-- Data block --
------------------------------------

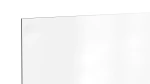 PME60x15_5.webp
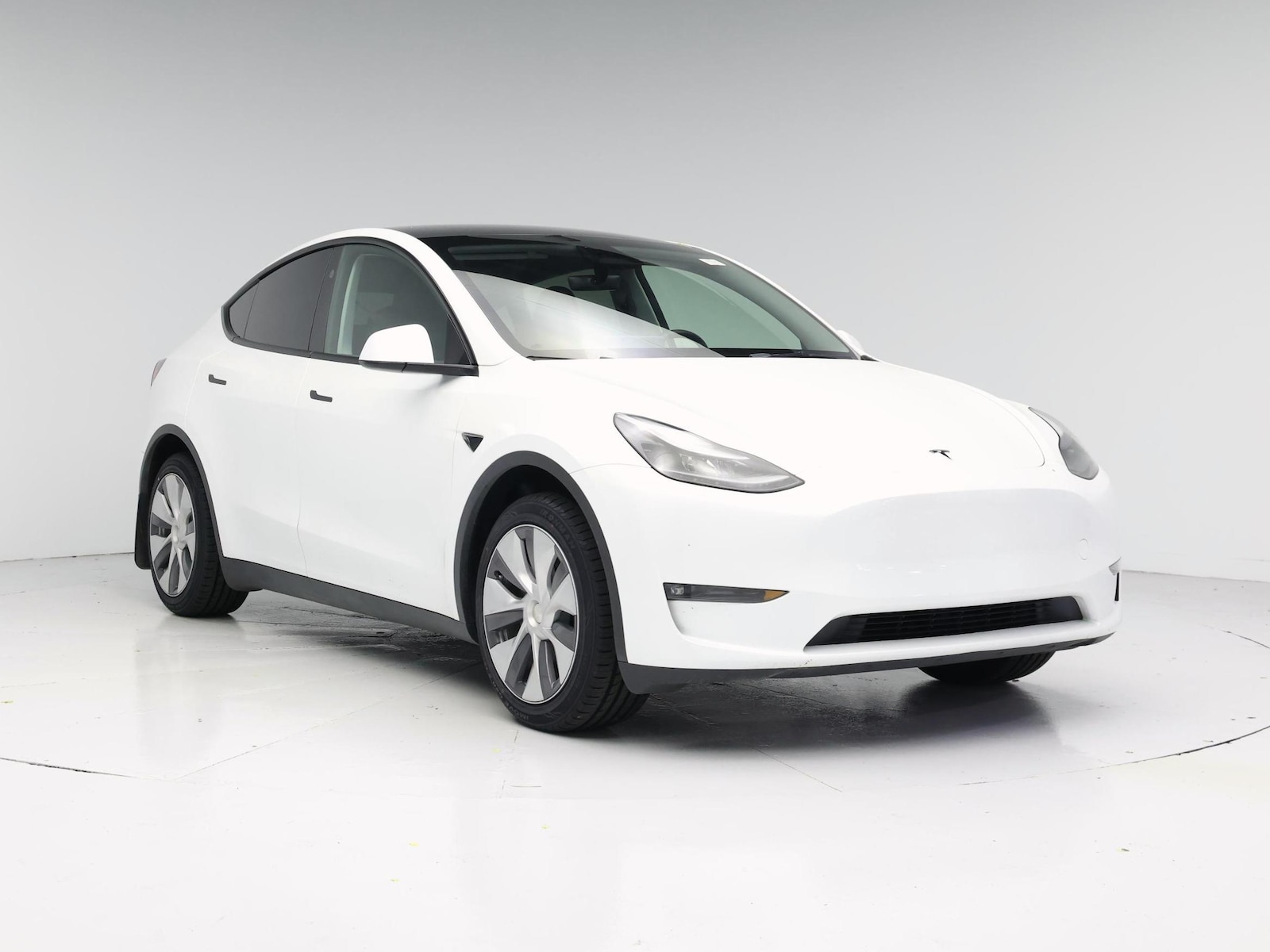 tesla model y 2023 7SAYGDED0PF933817 image tesla model y 2023 7SAYGDED0PF933817 image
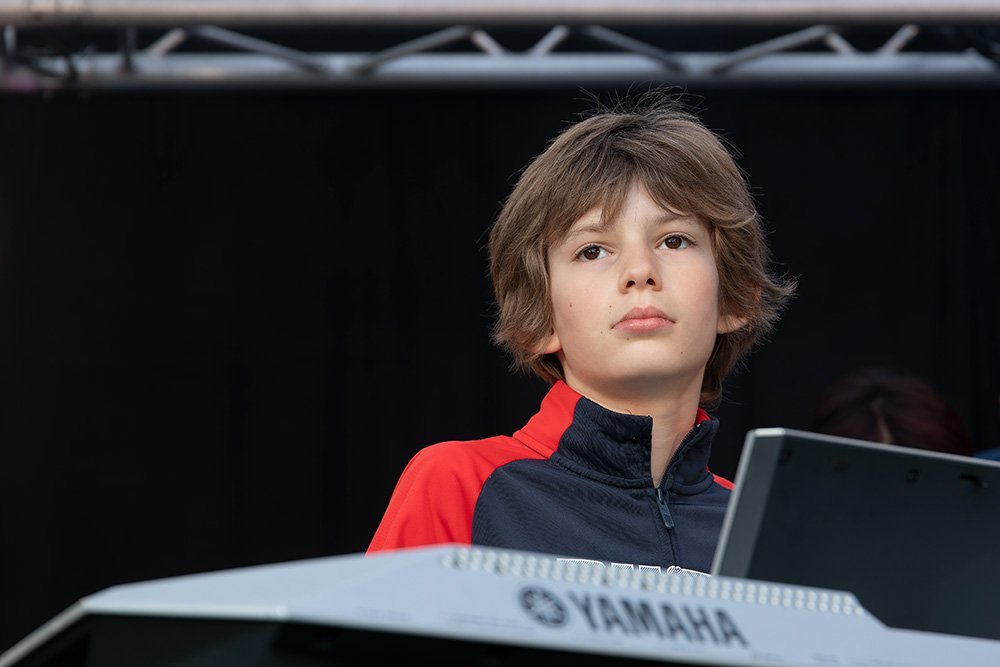 21 juin 2024 <small>© Rémy SALAÜN</small>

------------------------------------

-- What you have to do --
Transcribe the listing exactly; omit all images.

-- Answer to the exercise --
 PME60x15_5.webp
 tesla model y 2023 7SAYGDED0PF933817 image tesla model y 2023 7SAYGDED0PF933817 image
 21 juin 2024 <small>© Rémy SALAÜN</small>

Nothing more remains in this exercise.